AIM OF THE TASK:
Look below for the line that contains "Serinus canaria" and the line that contains "Butterfly Wings - Natural", then restate both of them and every line in between, exactly. No picture goes in the copy.

RECORDS:
-*-

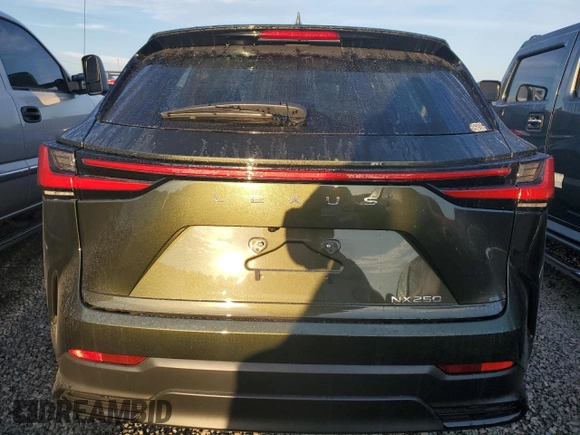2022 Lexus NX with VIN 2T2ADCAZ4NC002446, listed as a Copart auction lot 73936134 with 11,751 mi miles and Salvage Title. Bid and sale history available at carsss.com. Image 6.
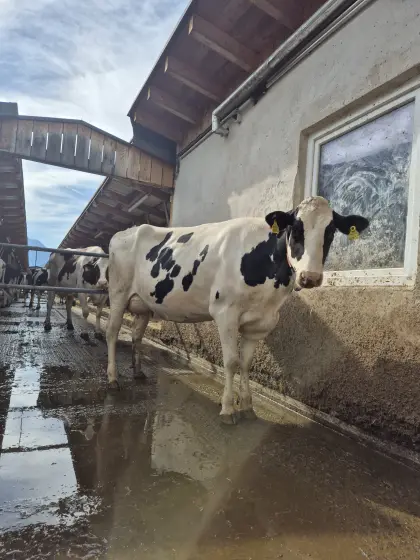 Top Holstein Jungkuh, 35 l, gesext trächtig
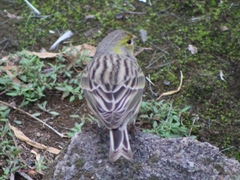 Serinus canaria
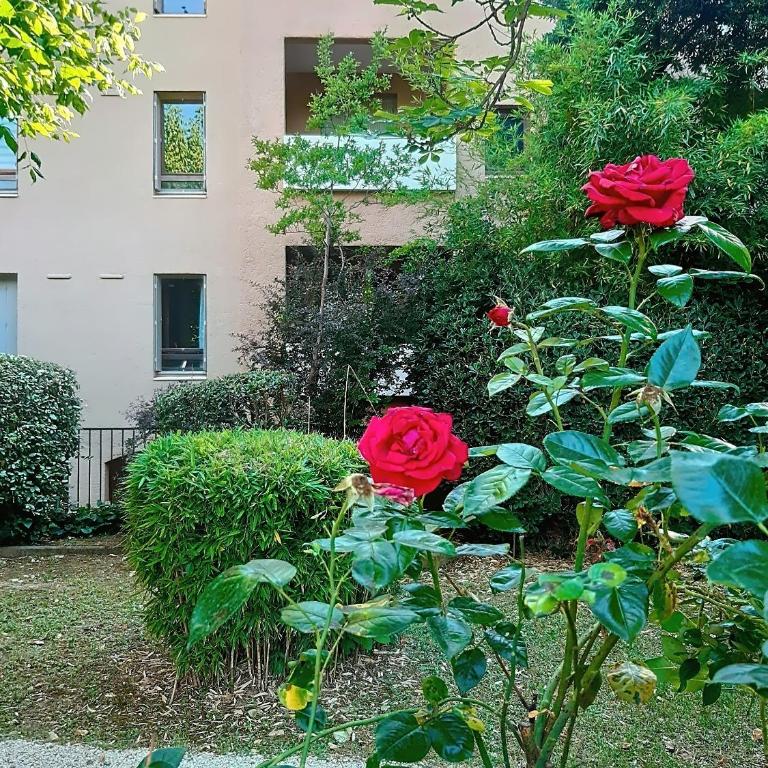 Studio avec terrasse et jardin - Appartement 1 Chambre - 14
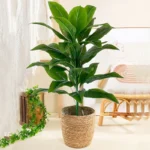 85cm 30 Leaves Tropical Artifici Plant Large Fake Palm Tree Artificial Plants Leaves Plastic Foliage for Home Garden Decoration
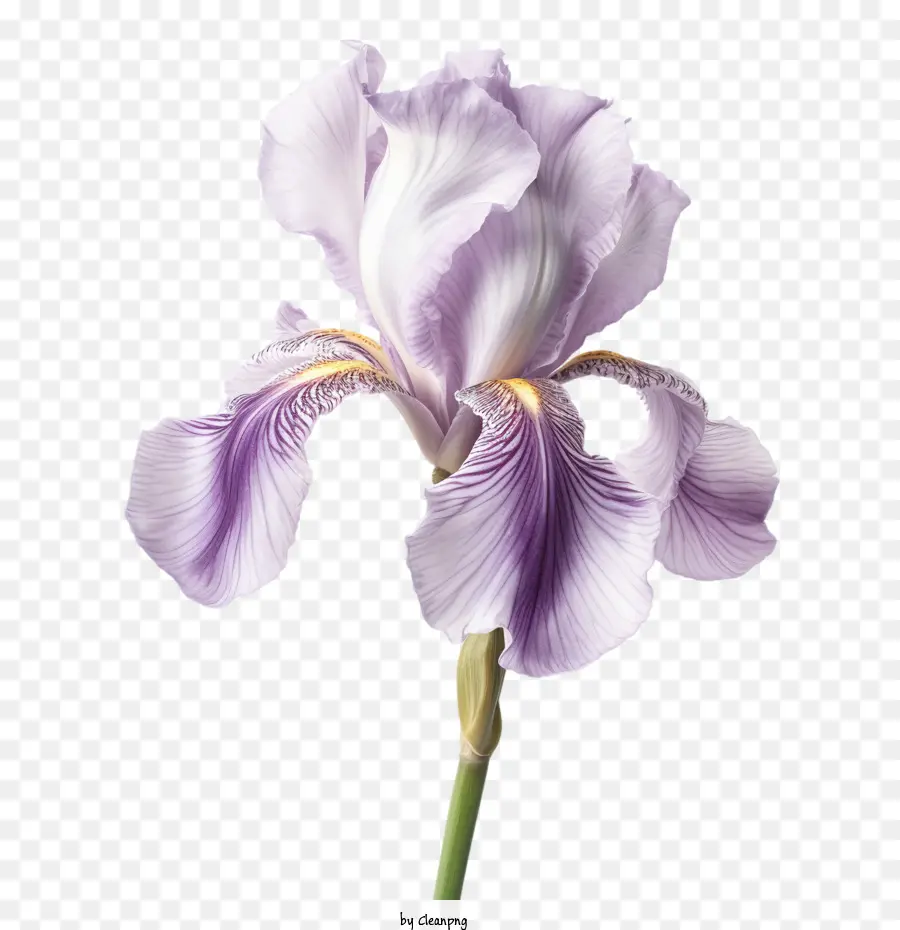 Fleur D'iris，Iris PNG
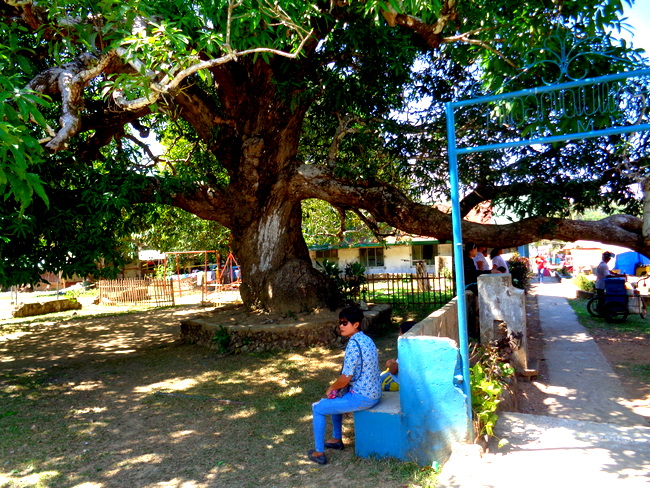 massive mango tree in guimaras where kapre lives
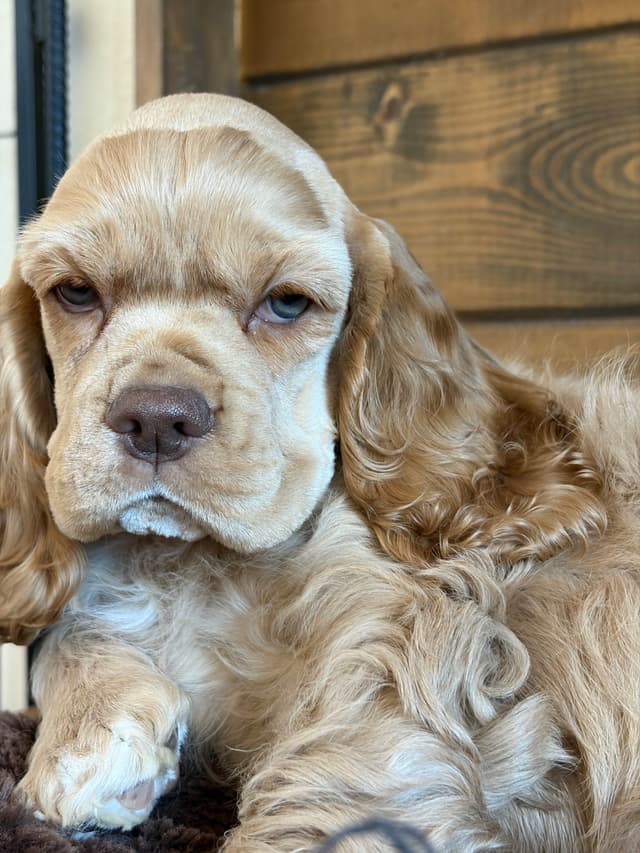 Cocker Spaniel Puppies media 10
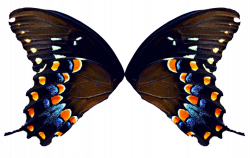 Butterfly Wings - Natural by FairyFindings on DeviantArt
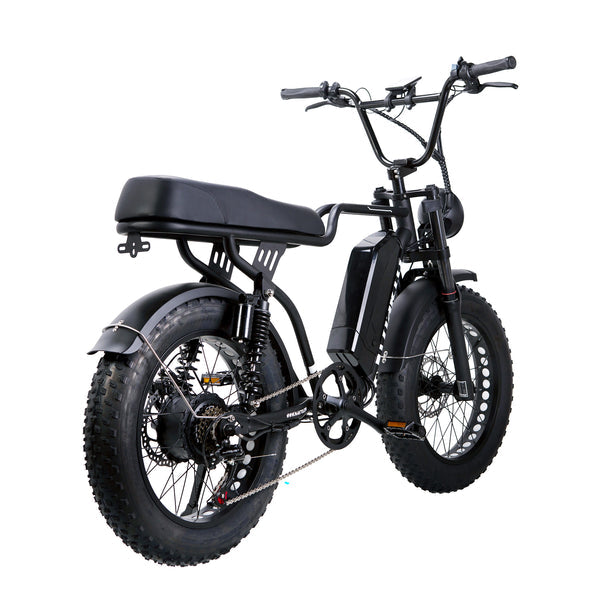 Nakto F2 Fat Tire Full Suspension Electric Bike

-*-

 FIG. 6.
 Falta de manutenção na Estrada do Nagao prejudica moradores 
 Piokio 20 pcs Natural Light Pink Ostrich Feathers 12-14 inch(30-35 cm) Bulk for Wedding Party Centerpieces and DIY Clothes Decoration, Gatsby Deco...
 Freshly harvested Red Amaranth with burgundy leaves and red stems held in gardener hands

-*-

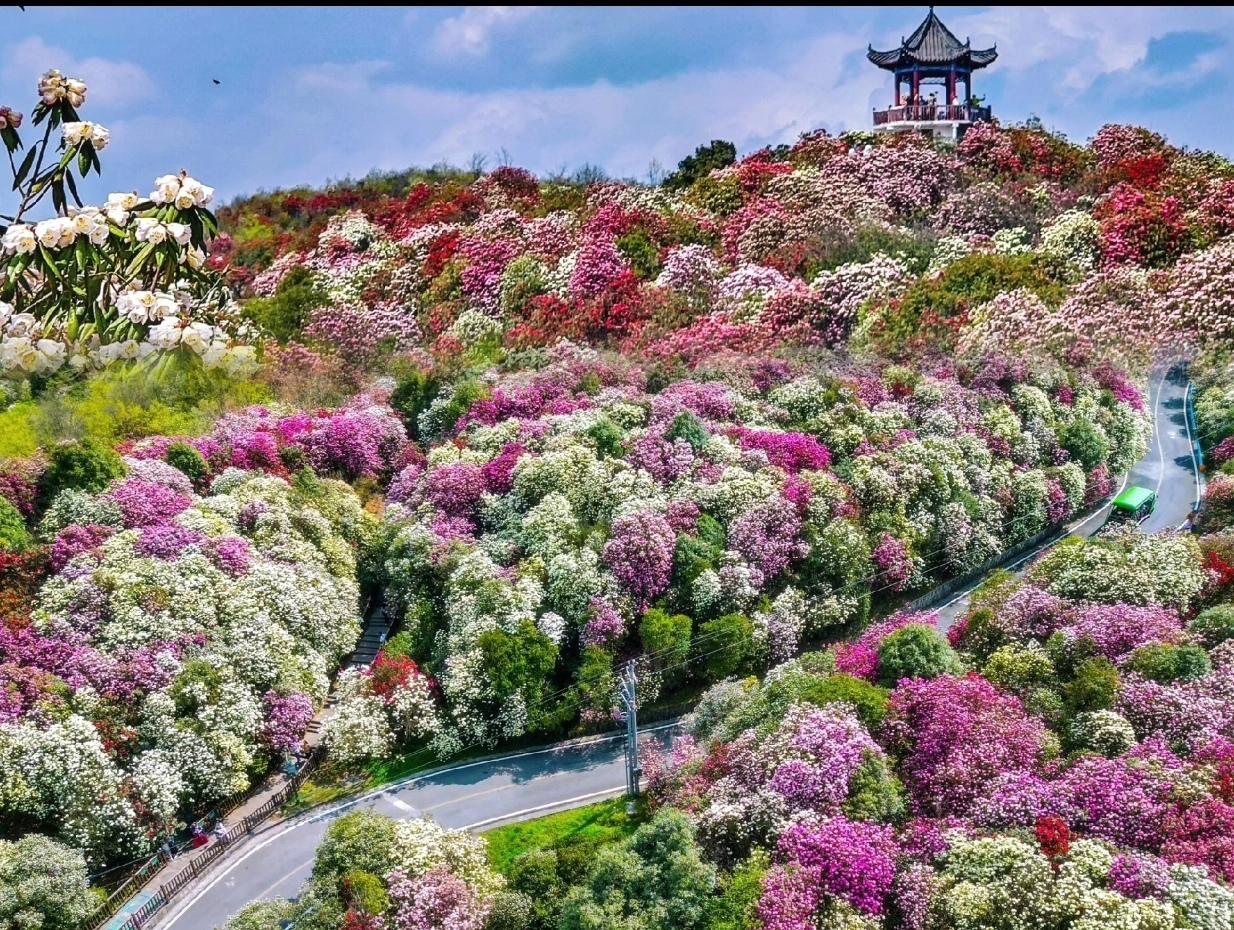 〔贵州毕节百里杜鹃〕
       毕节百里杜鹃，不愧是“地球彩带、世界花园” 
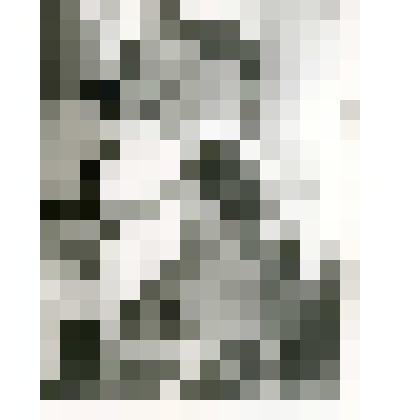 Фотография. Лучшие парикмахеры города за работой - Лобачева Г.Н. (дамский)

-*-

RESPONSE BELOW:
 Serinus canaria
 Studio avec terrasse et jardin - Appartement 1 Chambre - 14
 85cm 30 Leaves Tropical Artifici Plant Large Fake Palm Tree Artificial Plants Leaves Plastic Foliage for Home Garden Decoration
 Fleur D'iris，Iris PNG
 massive mango tree in guimaras where kapre lives
 Cocker Spaniel Puppies media 10
 Butterfly Wings - Natural by FairyFindings on DeviantArt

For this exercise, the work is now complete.